Enter the Avengers. Take the remaining characters, most of them second-tier, and hand them off to good directors and such to create a movie universe unlike anything that’s been done before. It’s great branding and gets the word out that this is the Next Big Thing. So long as the films are good, then everything will be hunky-dory. Luckily for Marvel, Iron Man was very good, so things are getting rolling. The Avengers seems like a dream come true: a real superhero team-up film on the big screen. Awesome, right? And not a little bit lucky that they still had Cap, Thor, and ol’ Shellhead in-house.

DC doesn’t have that problem. For the most part, any character under the DC banner has the film rights in-house under Warner Bros. While Marvel’s been all over the place, the dream of a JLA movie has been kicking around at least since the late ’90s. Nothing came of any of those, partially because DC never seemed to be able to do anything besides Batman or Superman, and partially because getting a large cast of superheroes together gets unwieldy. Seriously, when you have too many characters, it’s not good cinema. Just one of the many problems that plagued X-Men 3.

So Marvel may have found the magic formula, however: individual films for a series of characters, then bring them together for the team-up. You don’t need to worry about backstory. And DC’s got a couple of Bat-films in the current series, a Green Lantern film out next year. Just need something new for Supes, work out The Flash and Wonder Woman, and you’re there, right? Easy enough to copy Marvel’s playbook… again.

However, Nelson’s quote indicates that (as of right now) they have no plans to do that. For a couple of reasons, this is probably the best decision. First, there’s the creative side. DC doesn’t have the same necessity. The movie studio isn’t force to use the second tier characters because their big guns are right there, and (at least in Batman’s case), extremely profitable and visible. When the third Batman film comes out, it’s going to do just fine. And Christopher Nolan’s also at work on a Superman film, which has a lot of justifiably high expectations.

However, Nolan’s indicated that he doesn’t really want to push Batman into a bigger group. The stories he’s filming work well on a closed level and I’m going to guess that Superman is going to get a similar treatment. Given that those two are likely tied up and unavailable because of that, it would leave any potential JLA movie in one of two problematic situations: either you film it without Superman and Batman, which doesn’t really scream JLA anymore. Ever since Grant Morrison started on the title back in the mid-90s, it’s been a team that’s the biggest heroes in the DCU, as it was when the team started. Ironically, Marvel’s gone with a similar strategy of late, by pulling Spiderman and Wolverine into the Avengers. However, they can’t match the lineup in the films.
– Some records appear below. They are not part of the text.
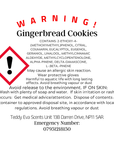 Gingerbread Cookies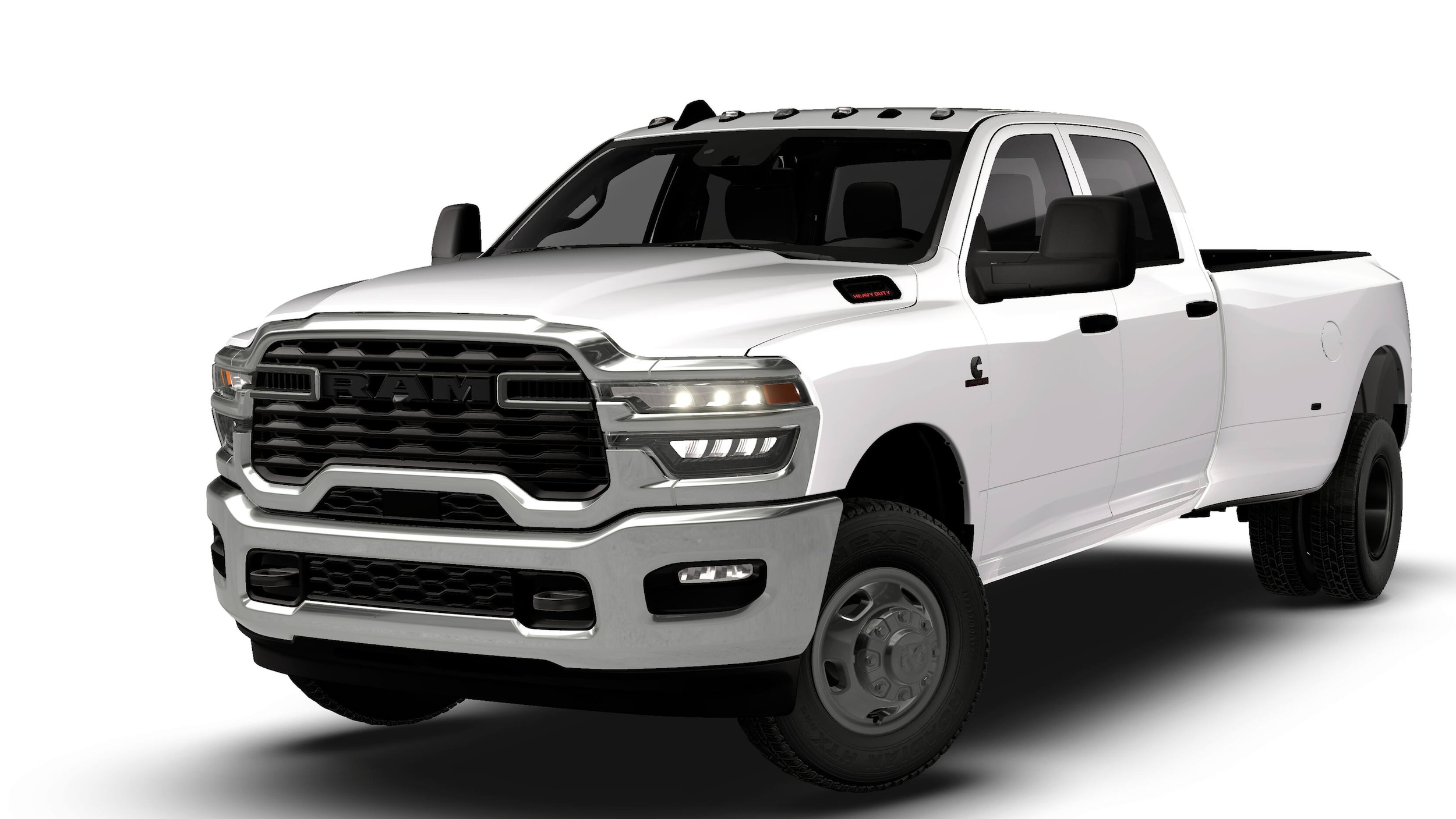 2026 RAM 3500 Tradesman 4X4 Crew Cab LWB's photo
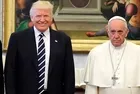 Trump’tan bomba açıklama: Papa olmak isterim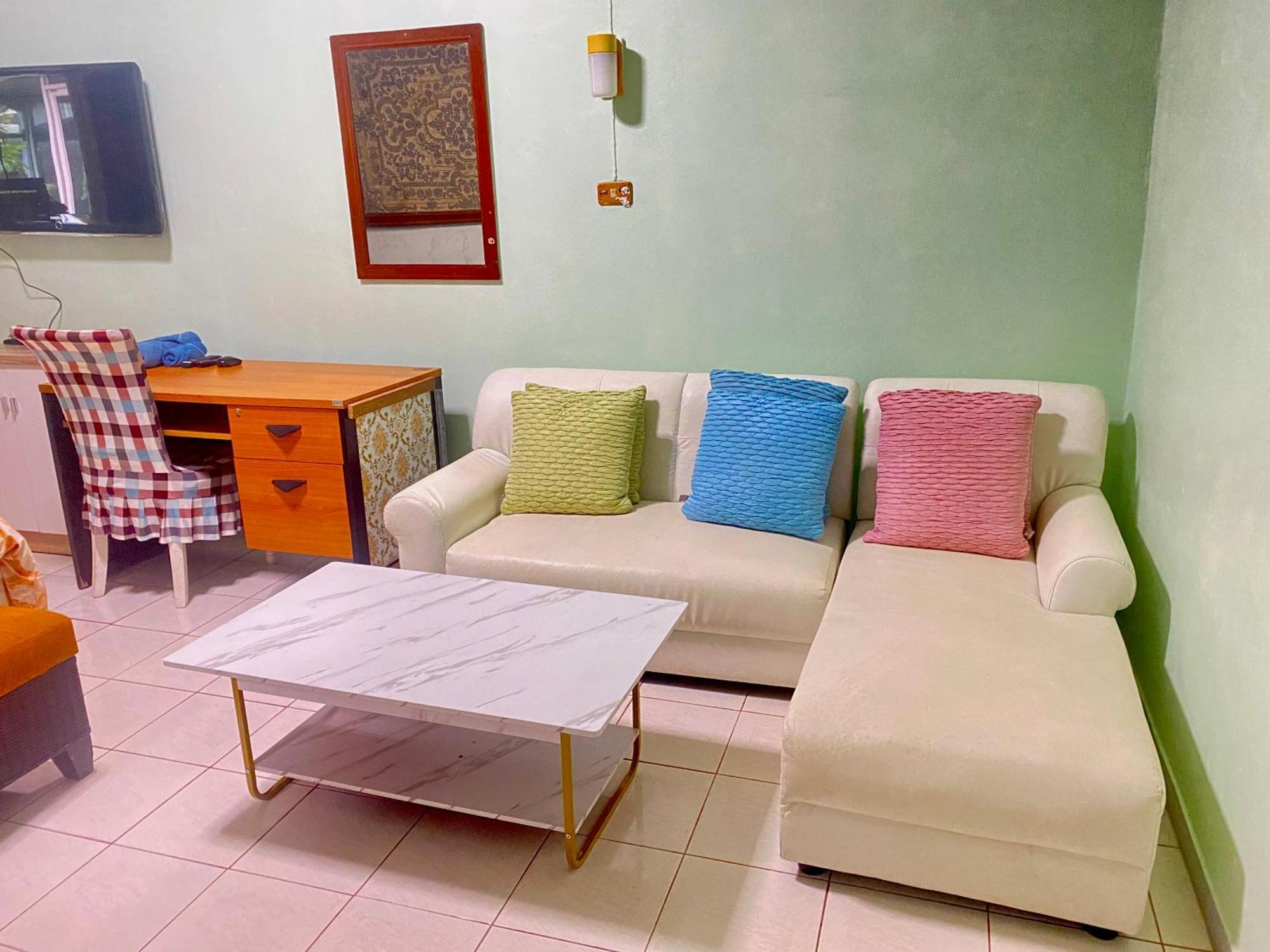 Nan Inn Bungalow Karon Luaran gambar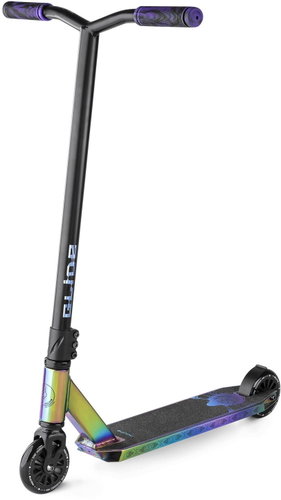Freestyle scooter MOVINO GLIDE, Rainbow - Freestyle Scooter - Main image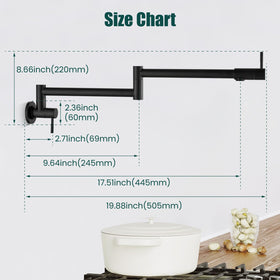 Heyalan ceramic valves deliver smooth turning and reliable water flow.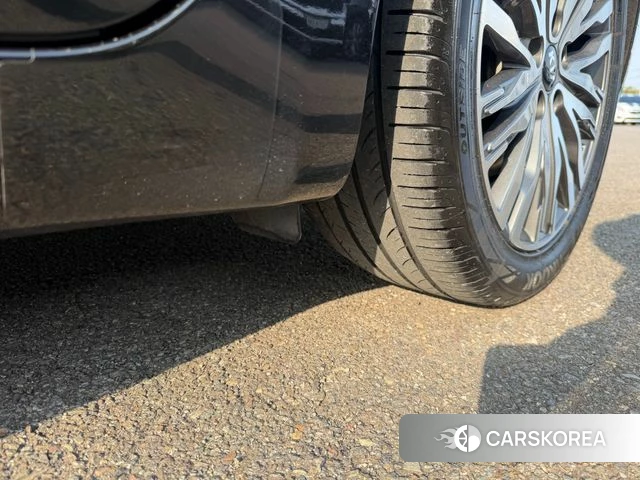 Kia K7 Premier Hybrid id 3911338 из Кореи 11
To remove Batman & Superman leaves the league feeling a bit… Justice League International in feel, which is dating back 20+ years.  And unlike the Avengers, there’s a very important tone that needs to be set here. I really doubt any casual viewer is going to know that Wolverine and Spiderman are Avengers. In fact, I’d guess that seeing them in the line-up on the screen would be very jarring. But JLA has had a few seasons of cartoons in the past decade that were very well received and built naturally from the Batman and Superman animated series. Casual audiences, even if they weren’t regular viewers, are likely to assume any similar line-up.

The other option would be to make a JLA film without any connection to the series for the single characters. WB did try this, actually, even getting to the point where they had a cast including Common as Green Lantern and they had George Miller signed onto direct. For a number of reasons, that fell through. If nothing else, it would have been confusing to any audiences. Why wasn’t Christian Bale Batman there?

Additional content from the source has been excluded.